Question

Assume that $x$ has a normal distribution with the specified mean and standard deviation. Find the indicated probability. (Round your answer to four decimal places.) $\mu =29;\sigma =3.4P(x\ge 30)=$___.

Answer 1

Step-1: Find the $z$-score for the present situation:

In a normally distributed random variable $x$ with mean $\mu$ and standard deviation $\sigma$, the probability $P(z<c)$ that the $z$-score $z=\frac{x-\mu }{\sigma }$ is less than a particular number $c$ can be looked up from a standard normal distribution $z$-score table.

It is given that normally distributed random variable $x$ has mean $\mu =29$ and standard deviation $\sigma =3.4$. It is required to find $P(x\ge 30)$.

Find the $z$-score $z=\frac{x-\mu }{\sigma }$ for $x=30$, $\mu =29$, and $\sigma =3.4$.

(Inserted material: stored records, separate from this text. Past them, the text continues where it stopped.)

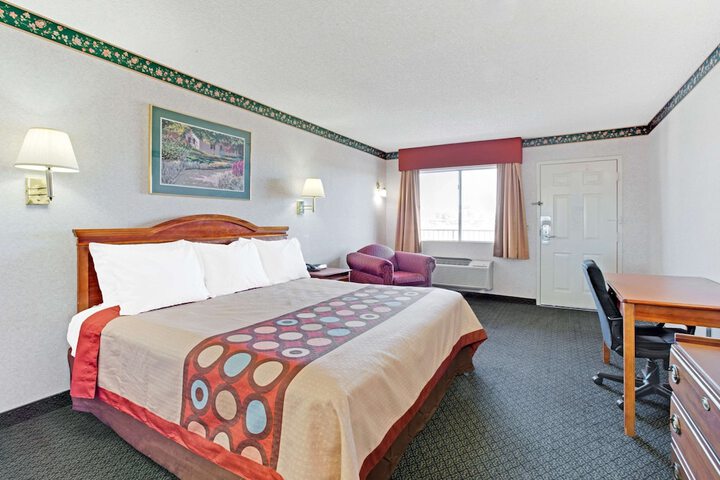 Room 12 of 23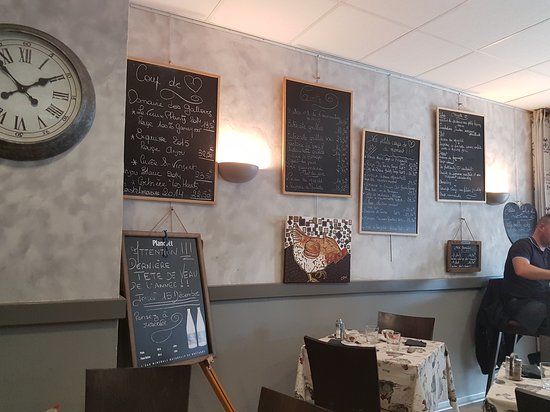 Les Pieds Sous la Tables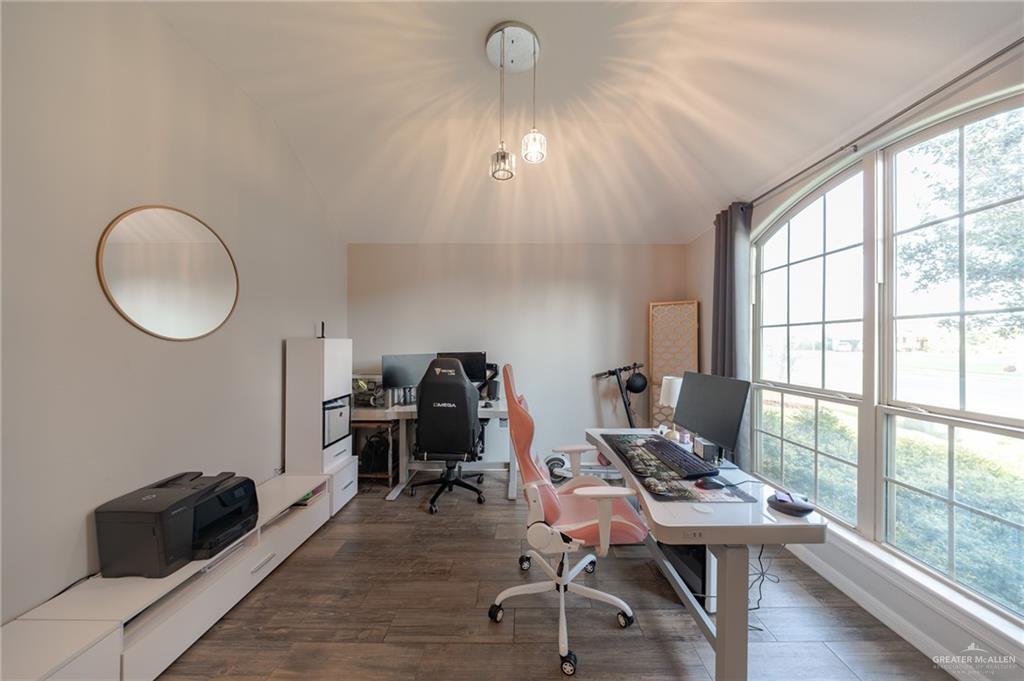 Photo 4 of 5112 Escondido Pass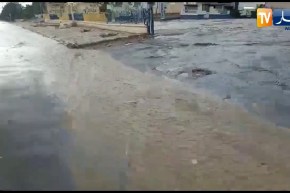 أم البواقي: مياه الأمطارتغمر طرقات مدينة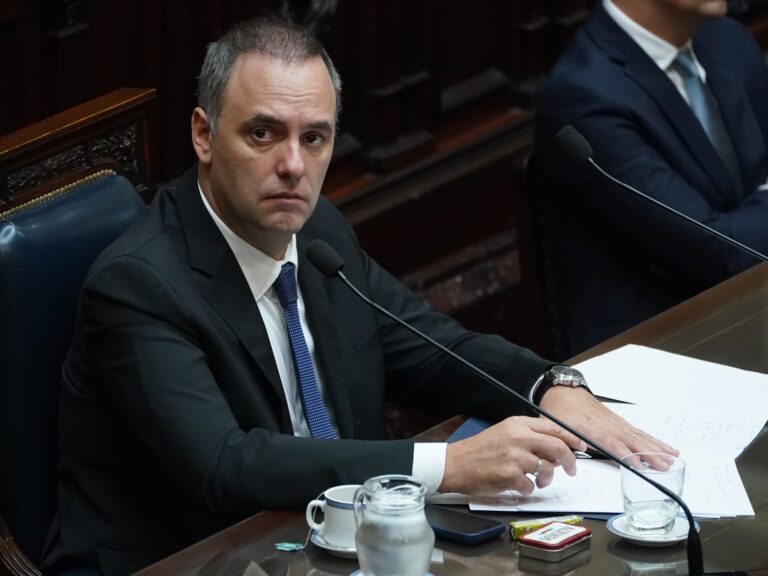 Oposición exige regreso de Adorni al Congreso: ¿Cuántos votos necesita para su interpelación y posible destitución?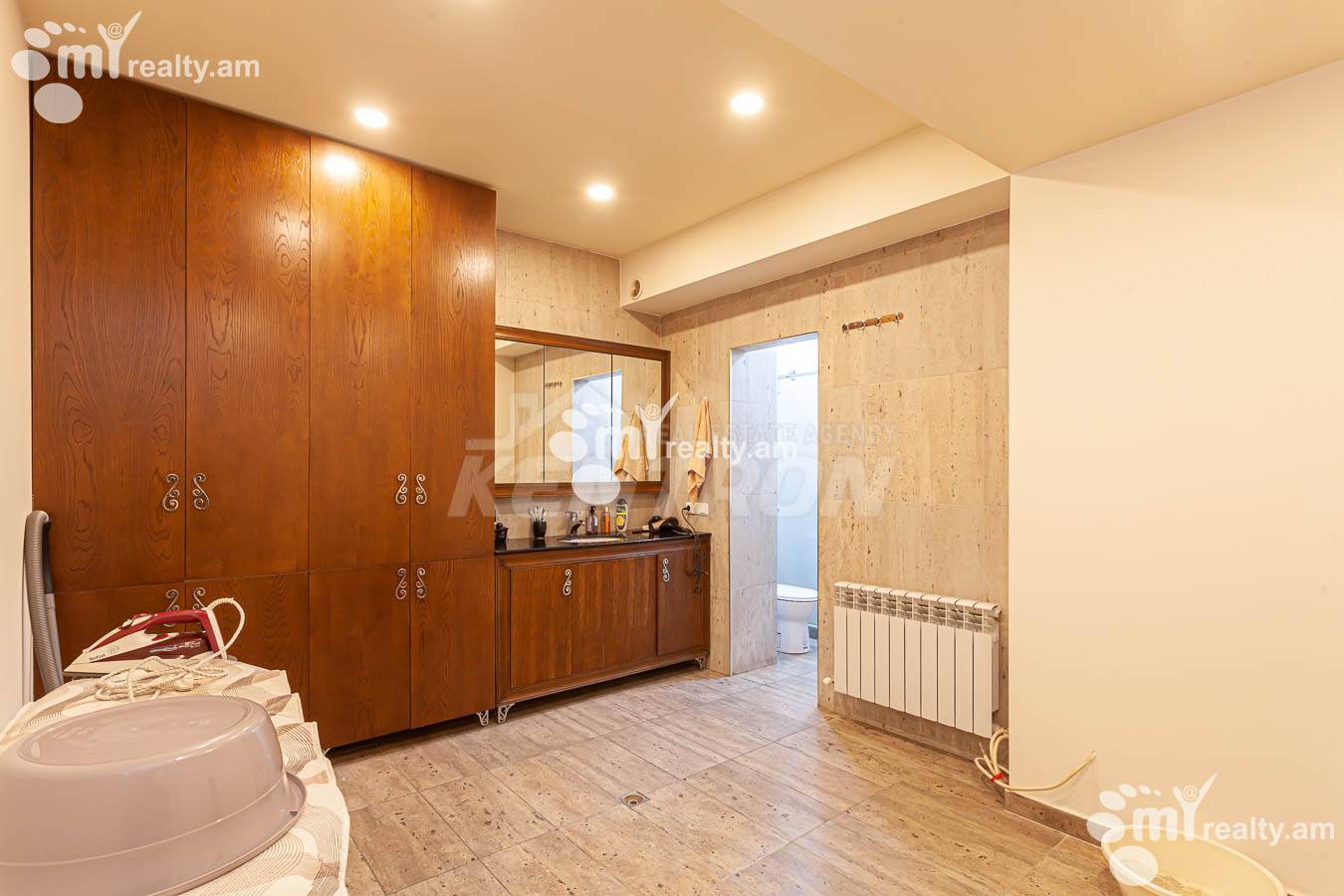 4 սենյականոց բնակարան  Լեռ. Կամսարի փող, Կենտրոն Երևան, 153801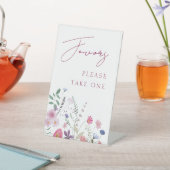 Wildblumen favorisieren das Schild "Pedestal" (In SItu)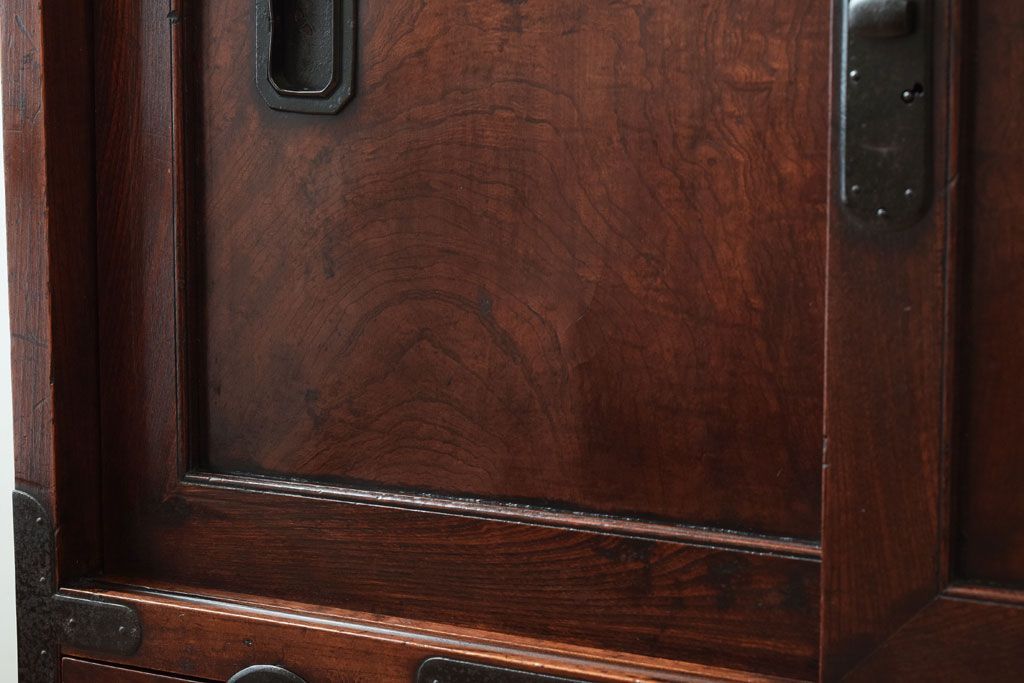 アンティーク家具　三方欅材!上質な和製アンティーク帳場箪笥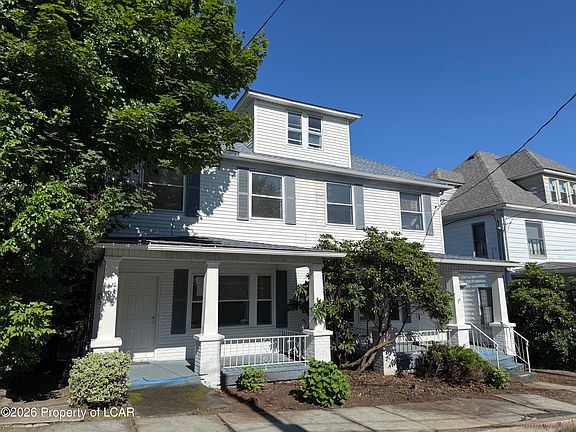 3rd image of 22 George St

$\begin{array}{rcl}z& =& \frac{x-\mu }{\sigma }\\ & =& \frac{30-29}{3.4}\\ & =& \frac{1}{3.4}\\ & \approx & 0.29\end{array}$

Thus the probability $P(x\ge 30)$ is equal to $P(z\ge 0.29)$.

Step-2: Write the required probability in terms of the probability of its complement event:

Note that the event $z\ge 0.29$ is complement of the event $z<0.29$. Since the probabilities of complementary events add up to $1$, write $P(z\ge 0.29)=1-P(z<0.29)$.

Step-3: Calculate the required probability:

Look up $P(z<0.29)$ from a standard normal distribution $z$-score table to get $P(z<0.29)=0.61409$. Substitute this value in the equation $P(z\ge 0.29)=1-P(z<0.29)$.

$\begin{array}{rcl}P(z& \ge & 0.29)=1-P(z<0.29)\\ & =& 1-0.61409\\ & =& 0.38591\end{array}$

Round off to four decimal places and write $\mathit{P}\mathbf{(}\mathit{z}\mathbf{\ge }\mathbf{0}\mathbf{.}\mathbf{29}\mathbf{)}\mathbf{\approx }\mathbf{0}\mathbf{.}\mathbf{3859}$.

Hence, $\begin{array}{rcl}\mathbf{P}\mathbf{(}\mathbf{z}& \mathbf{\ge }& \mathbf{0}\mathbf{.}\mathbf{29}\mathbf{)}\mathbf{=}\mathbf{0}\mathbf{.}\mathbf{38591}\end{array}$.